La désaffection des Français pour la politique - phénomène qui n'est du reste pas exclusivement Français - est sans doute grandement liée au rôle croissant qu'y jouent les professionnels, ceux qui font de la politique une carrière personnelle.
Preuve en est le débat - symétrique à droite et à gauche - sur la nécessité d'organiser des "primaires" avant les présidentielles, sorte de pré-premier tour qui permet aux formations politiques d'affiner leur sélection en interne, par un vote réservé aux seuls militants encartés et à jour de leur cotisation, avant de se présenter aux électeurs "de base". Est-ce un réel progrès de la démocratie ?
Si l'on ajoute à ce phénomène le poids croissant, parmi les "permanents" traditionnels des partis, des "technocrates" issus des grands concours de l'administration et dont beaucoup sont interchangeables (je parle du passage d'une majorité à l'autre que certains font avec aisance en tant que "grands serviteurs de l'Etat"), on comprend mieux la désaffection d'une "base" électorale très peu au fait de la chose politique.
Ne parlons pas du débat actuel au sein de la droite, qui a le mérite de la franchise en se réduisant peu ou prou à des rivalités de personnes (sarkozystes contre chiraco-villepinistes).
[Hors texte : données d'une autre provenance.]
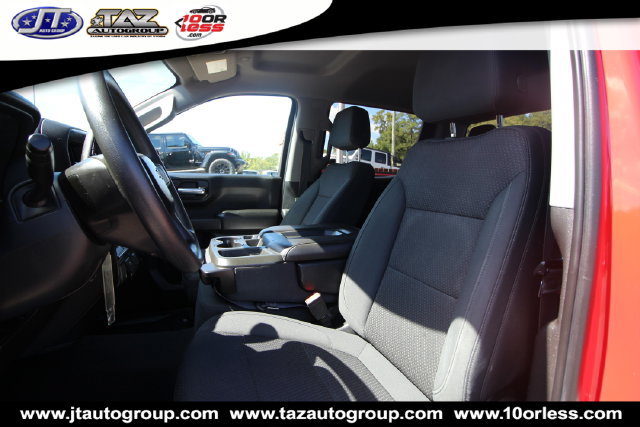 Used 2020 Chevrolet Silverado 1500 Custom w/ Custom Value Package AWD/4WD image 10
Dans la gauche socialiste, les affrontements de personnes (François contre Laurent, etc.) ont du mal à se dissimuler derrière des motions verbeuses et peu compréhensibles, où le débat d'idées est cruellement absent. Raison pour laquelle, du reste, il ne sera pas trop difficile au PS d'arriver à une synthèse.
Qu'est-ce qui distingue sur le fond les différentes tendances de la gauche entre elles, et la gauche de la droite ? Les clivages idéologiques ayant été déclarés "dépassés", on se limite à des considérations trop complexes sur la fiscalité, sur le déficit de la sécurité sociale, sur la privatisation d'EDF et des autoroutes. La gauche vertueuse avait moins de complexes pour privatiser quand elle était aux responsabilités, et elle l'a fait alors de manière responsable, mais dans l'opposition elle semble l'avoir oublié.
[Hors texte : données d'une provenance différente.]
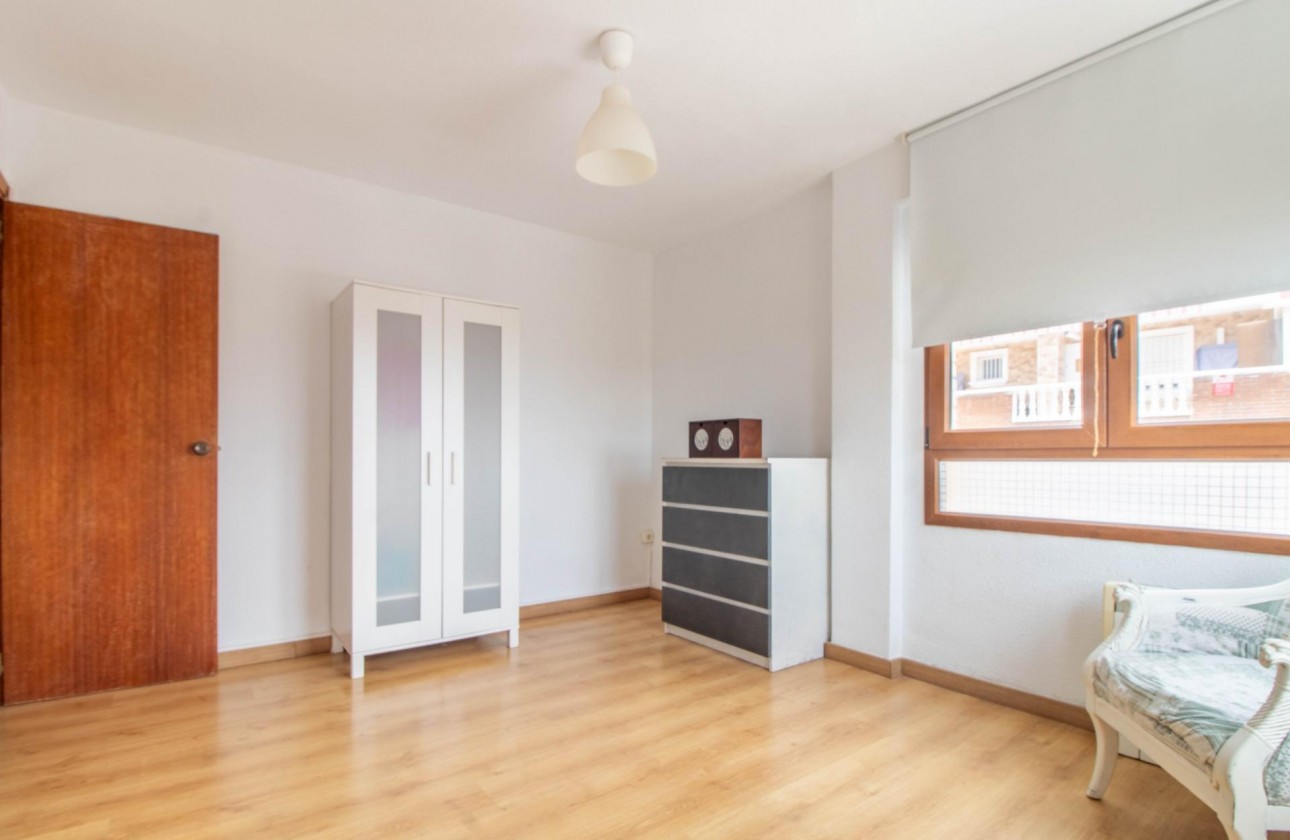 Revente - Appartement - Torrevieja - Acequion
Le thème le plus populaire dans l'électorat, et celui qui fait le plus peur aux politiques, toutes tendances confondues, est celui de l'alternance. L'alternance comme valeur républicaine, comme garantie qu'aucune formation politique ne reste trop longtemps au pouvoir pour risquer de le corrompre. La gauche serait-elle plus légitime à rester plus longtemps ? L'expérience nous prouve bien que non : l'alternance est universelle, réversible, elle donne tout son sens à la démocratie et au pouvoir de l'électeur.
Faute de l'avoir compris, les partis politiques en sont réduits à subir la cohabitation, la neutralisation d'une majorité par une autre. C'est le pire des systèmes, qui n'est pas simplement la conséquence de la révision constitutionnelle de 1962 laquelle permet ces majorités rivales, présidentielle et législative. Mais c'est beaucoup plus un signal fort de l'électorat, qui ne veut pas se lier de façon univoque à une majorité trop massive.
La meilleure façon de se concilier l'électeur n'est-elle pas, par conséquent, d'affirmer haut et fort que le premier devoir de la démocratie est celui de l'alternance ? Et que tout candidat à une fonction élective entend exercer cette fonction à titre transitoire ? Cela se fait dans d'autres pays. Il n'est pas trop tard pour exiger en France que les hommes politiques s'engagent sur leur futur, qui est aussi le nôtre.